**Work to complete**. What follows is a set of entries; retype all of them exactly.

Short text fragments from websites

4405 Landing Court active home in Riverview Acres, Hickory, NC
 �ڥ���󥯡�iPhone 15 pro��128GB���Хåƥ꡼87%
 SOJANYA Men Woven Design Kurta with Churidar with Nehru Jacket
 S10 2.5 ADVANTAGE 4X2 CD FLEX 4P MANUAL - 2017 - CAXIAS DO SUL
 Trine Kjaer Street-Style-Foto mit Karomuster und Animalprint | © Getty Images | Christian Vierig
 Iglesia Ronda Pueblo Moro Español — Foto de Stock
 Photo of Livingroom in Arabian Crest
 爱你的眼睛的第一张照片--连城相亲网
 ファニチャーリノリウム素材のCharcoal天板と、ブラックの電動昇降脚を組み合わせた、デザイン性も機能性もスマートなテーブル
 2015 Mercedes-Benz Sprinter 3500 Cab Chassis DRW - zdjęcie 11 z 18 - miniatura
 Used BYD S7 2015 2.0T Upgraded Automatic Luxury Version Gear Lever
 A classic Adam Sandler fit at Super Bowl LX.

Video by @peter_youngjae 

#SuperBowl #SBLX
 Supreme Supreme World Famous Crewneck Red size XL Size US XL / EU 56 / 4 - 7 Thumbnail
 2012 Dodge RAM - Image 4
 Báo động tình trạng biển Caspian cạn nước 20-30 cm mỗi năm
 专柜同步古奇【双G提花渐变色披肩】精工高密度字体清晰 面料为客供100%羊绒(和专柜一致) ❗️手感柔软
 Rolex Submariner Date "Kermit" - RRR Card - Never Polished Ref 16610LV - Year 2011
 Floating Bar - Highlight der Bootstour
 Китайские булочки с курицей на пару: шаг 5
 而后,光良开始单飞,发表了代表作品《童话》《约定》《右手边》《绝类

**Solution**.
4405 Landing Court active home in Riverview Acres, Hickory, NC
 �ڥ���󥯡�iPhone 15 pro��128GB���Хåƥ꡼87%
 SOJANYA Men Woven Design Kurta with Churidar with Nehru Jacket
 S10 2.5 ADVANTAGE 4X2 CD FLEX 4P MANUAL - 2017 - CAXIAS DO SUL
 Trine Kjaer Street-Style-Foto mit Karomuster und Animalprint | © Getty Images | Christian Vierig
 Iglesia Ronda Pueblo Moro Español — Foto de Stock
 Photo of Livingroom in Arabian Crest
 爱你的眼睛的第一张照片--连城相亲网
 ファニチャーリノリウム素材のCharcoal天板と、ブラックの電動昇降脚を組み合わせた、デザイン性も機能性もスマートなテーブル
 2015 Mercedes-Benz Sprinter 3500 Cab Chassis DRW - zdjęcie 11 z 18 - miniatura
 Used BYD S7 2015 2.0T Upgraded Automatic Luxury Version Gear Lever
 A classic Adam Sandler fit at Super Bowl LX.

Video by @peter_youngjae 

#SuperBowl #SBLX
 Supreme Supreme World Famous Crewneck Red size XL Size US XL / EU 56 / 4 - 7 Thumbnail
 2012 Dodge RAM - Image 4
 Báo động tình trạng biển Caspian cạn nước 20-30 cm mỗi năm
 专柜同步古奇【双G提花渐变色披肩】精工高密度字体清晰 面料为客供100%羊绒(和专柜一致) ❗️手感柔软
 Rolex Submariner Date "Kermit" - RRR Card - Never Polished Ref 16610LV - Year 2011
 Floating Bar - Highlight der Bootstour
 Китайские булочки с курицей на пару: шаг 5
 而后,光良开始单飞,发表了代表作品《童话》《约定》《右手边》《绝类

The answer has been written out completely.